▸ **Exercise**: Please output the listing exactly as it stands, but omit any images.
*** Begin section ***
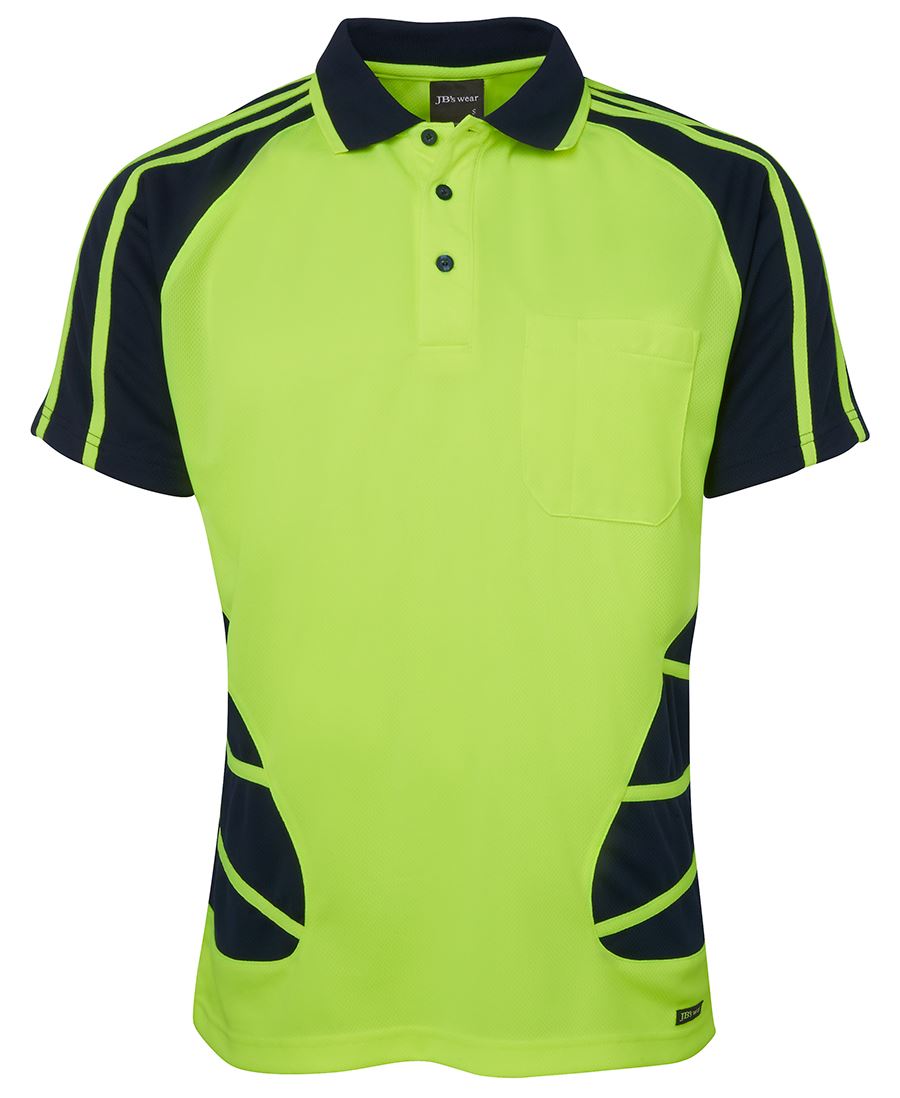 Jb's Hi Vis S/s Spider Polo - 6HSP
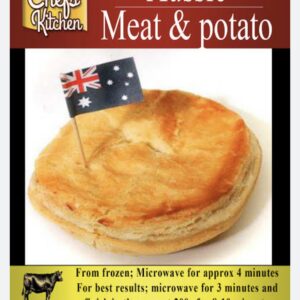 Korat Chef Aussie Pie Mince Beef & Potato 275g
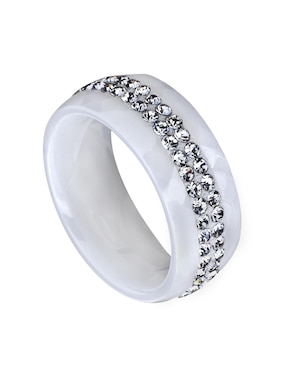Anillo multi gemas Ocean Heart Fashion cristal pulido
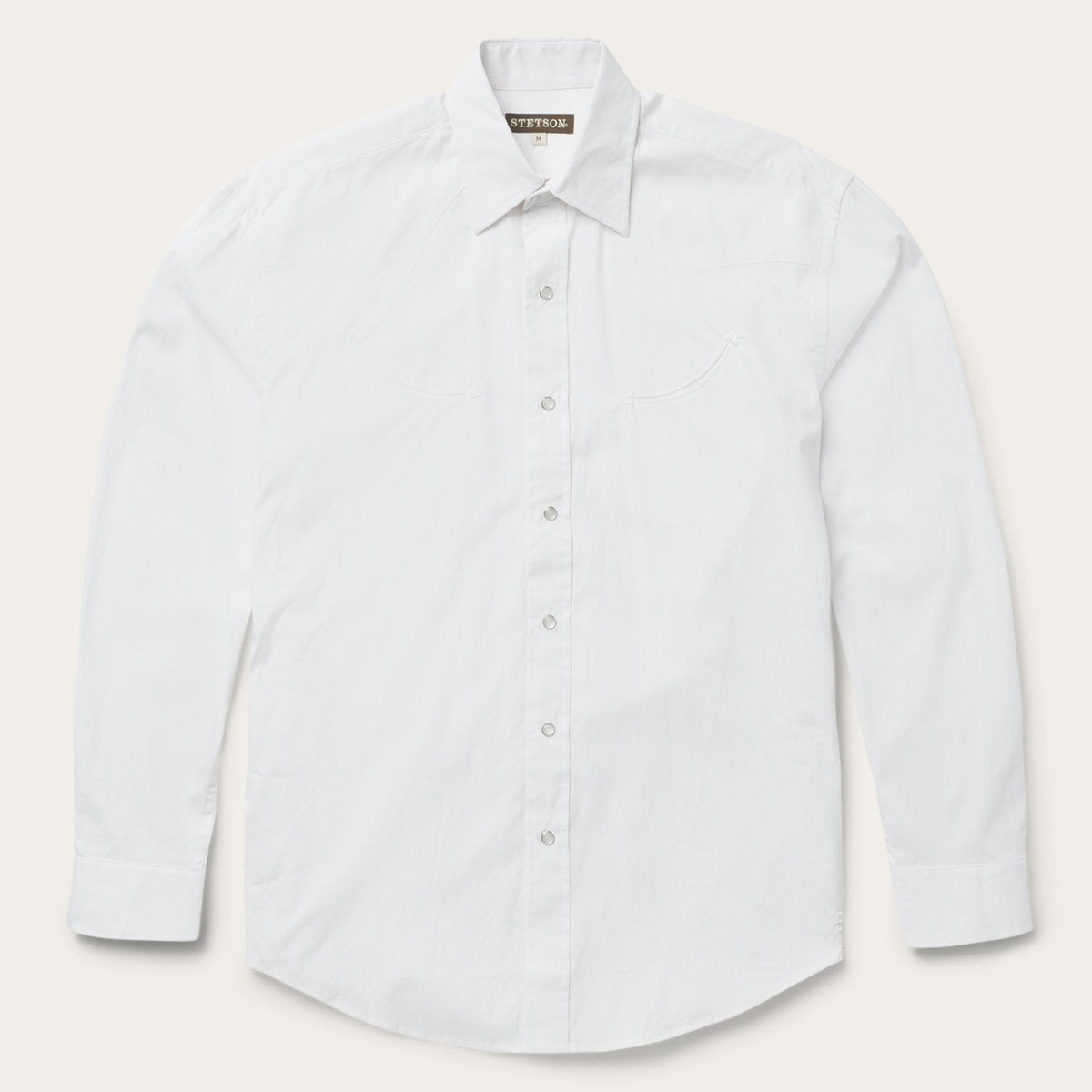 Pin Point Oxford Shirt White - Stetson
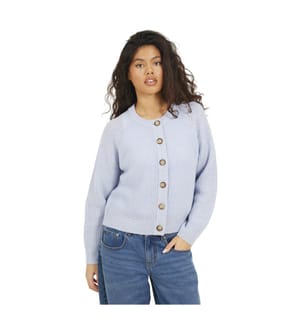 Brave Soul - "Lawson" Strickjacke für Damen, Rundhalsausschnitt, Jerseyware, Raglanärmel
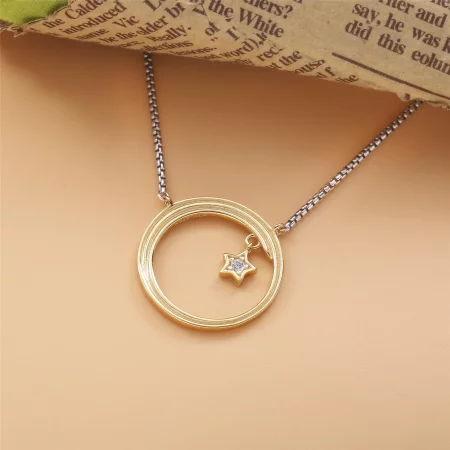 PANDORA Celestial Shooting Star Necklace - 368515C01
*** End section ***
▸ **Response for this exercise**:
 Jb's Hi Vis S/s Spider Polo - 6HSP
 Korat Chef Aussie Pie Mince Beef & Potato 275g
Anillo multi gemas Ocean Heart Fashion cristal pulido
 Pin Point Oxford Shirt White - Stetson
 Brave Soul - "Lawson" Strickjacke für Damen, Rundhalsausschnitt, Jerseyware, Raglanärmel
 PANDORA Celestial Shooting Star Necklace - 368515C01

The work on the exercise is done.